# Modem dont work



## sniper (Aug 5, 2004)

Hey my modem is not able to dial.
When i start dialing it is supposed to do "put-put-put" and keep doin it, but now the dialtone again comming up as soon as i dial *A* number. Im sure some thing is wrong with the modem.

I plugged my phone to the modems second line, and i was having the same trouble. i keep pressing numbers, and the phone does its "put-put-put" but the dialtone is always there and wont dial.


----------



## theraven (Aug 5, 2004)

disable wait for dial tone in ur modem properties and try


----------



## sniper (Aug 6, 2004)

No man, its dialing alright, but the Dial Tone stays there.


----------



## Abhijit_T (Aug 6, 2004)

I had this problem when I'd not paid my phone bill


----------



## theraven (Aug 6, 2004)

sorry abt that sniper
misunderstood the question
in this case ... temme if ur "wait for dial tone" is enabled or disabled
also temme if u use an EPABX system and need to dial a "0" or something to access ur line ...


----------



## aadipa (Aug 7, 2004)

try dialing same number by connecting telephone instrument instead of modem and check if it dials correctly.


----------



## sniper (Aug 7, 2004)

"connecting telephone instrument instead of modem and check if it dials correctly"----Yes it does. but when i try to use my phone through the modem, i get the same problem. Its a hardware problem, some thing wrong with the modem. have to give it to the _mistries_. i wanted the know the exact problem.

BTW my telephone is free. Companys private network. So internet is free.


----------



## demoninside (Aug 13, 2004)

try to re-install ur modem


----------



## silly_kash (Aug 17, 2004)

the problem is  with ur dialtone!!

try switching to pulse mode rather than tone!!

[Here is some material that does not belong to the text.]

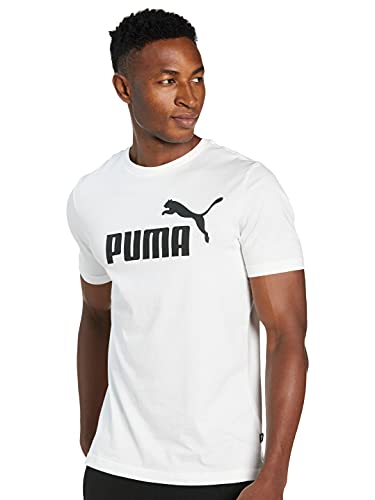 PUMA ESS Logo tee Camiseta, Hombre, Blanco, L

to do this specify dialing rules and in that check pulse.


----------



## silly_kash (Aug 17, 2004)

guess what sniper and i have in common??

FREE ISP!!!

even mine is company provided!! the good sweet Indian railways!! lol


----------



## deepesh83 (Aug 17, 2004)

try adding atx1 into your modems extra settings box and post back if it helped.


----------



## madman123 (Aug 18, 2004)

it's a problem with the telephone line and u gotta call the telephone people...have same thing...they check the line and get rid of it


----------



## deepesh83 (Aug 18, 2004)

had u tried atx1


----------



## busyanuj (Aug 18, 2004)

sniper said:
			
		

> Hey my modem is not able to dial.
> When i start dialing it is supposed to do "put-put-put" and keep doin it, but now the dialtone again comming up as soon as i dial *A* number. Im sure some thing is wrong with the modem.
> 
> I plugged my phone to the modems second line, and i was having the same trouble. i keep pressing numbers, and the phone does its "put-put-put" but the dialtone is always there and wont dial.



I think you happened to change the *Pulse Dialing* to *Tone Dialing*.

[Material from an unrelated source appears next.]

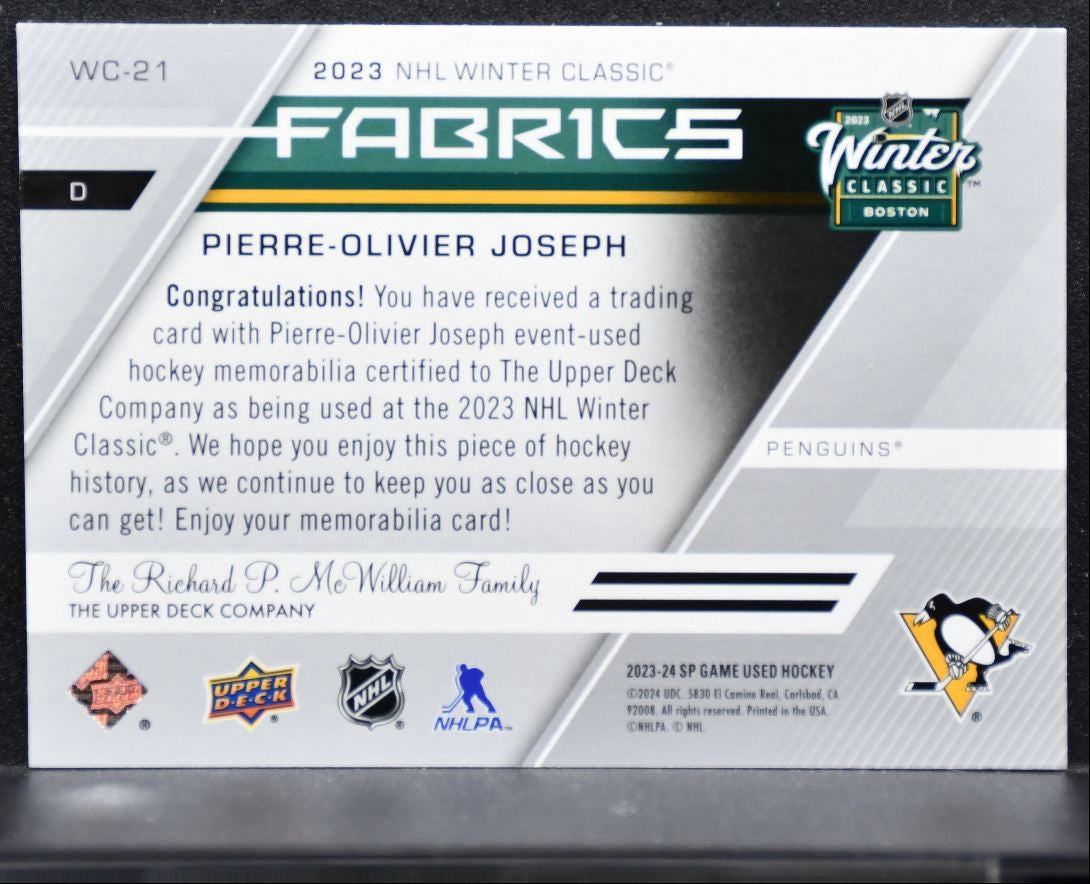 2023-24 SP Game Used 2023 Winter Classic Fabrics Joseph Penguins Jersey 4916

if you're using Win XP, click on your internet connection, then click on _Dialing Rules_, when the window opens click on "Edit" and change the _Tone dialing_ to _Pulse dialing_.

that should bring back the "put-put-put" that you used to hear.

see if this works.


----------



## tuxfan (Aug 18, 2004)

> I think you happened to change the Pulse Dialing to Tone Dialing.

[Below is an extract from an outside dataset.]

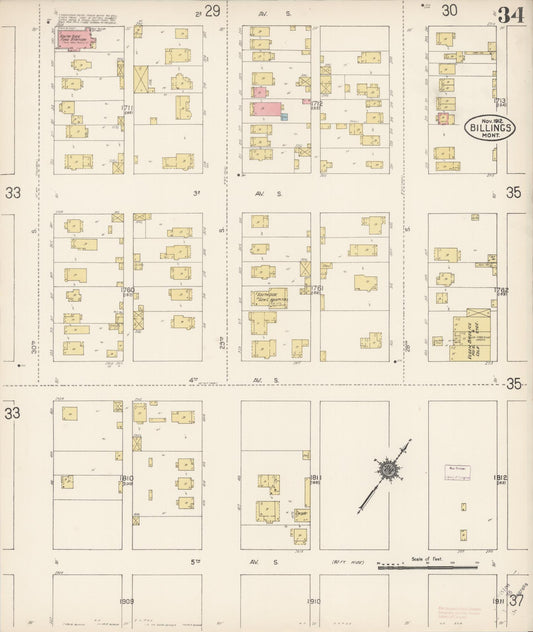 Sanborn Fire Insurance Map from Billings, Yellowstone County, Montana (1912), Sheet #0034 - Historic Sanborn Fire Insurance Map Print, vintage old map wall art, antique decor, genealogy gift, Montana Montana map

Exactly. I was about to post this when I saw this last post. Change this setting and try it out again.


----------



## walking-techie (Aug 19, 2004)

changing the setting shuld surely help


----------



## deepesh83 (Aug 19, 2004)

is poster reading the posts.


----------



## sniper (Sep 5, 2004)

Oh brothers, please pardon me. been studying these days.

Its some hardware problem. for sure.

Bye all. will be back after 8 months


----------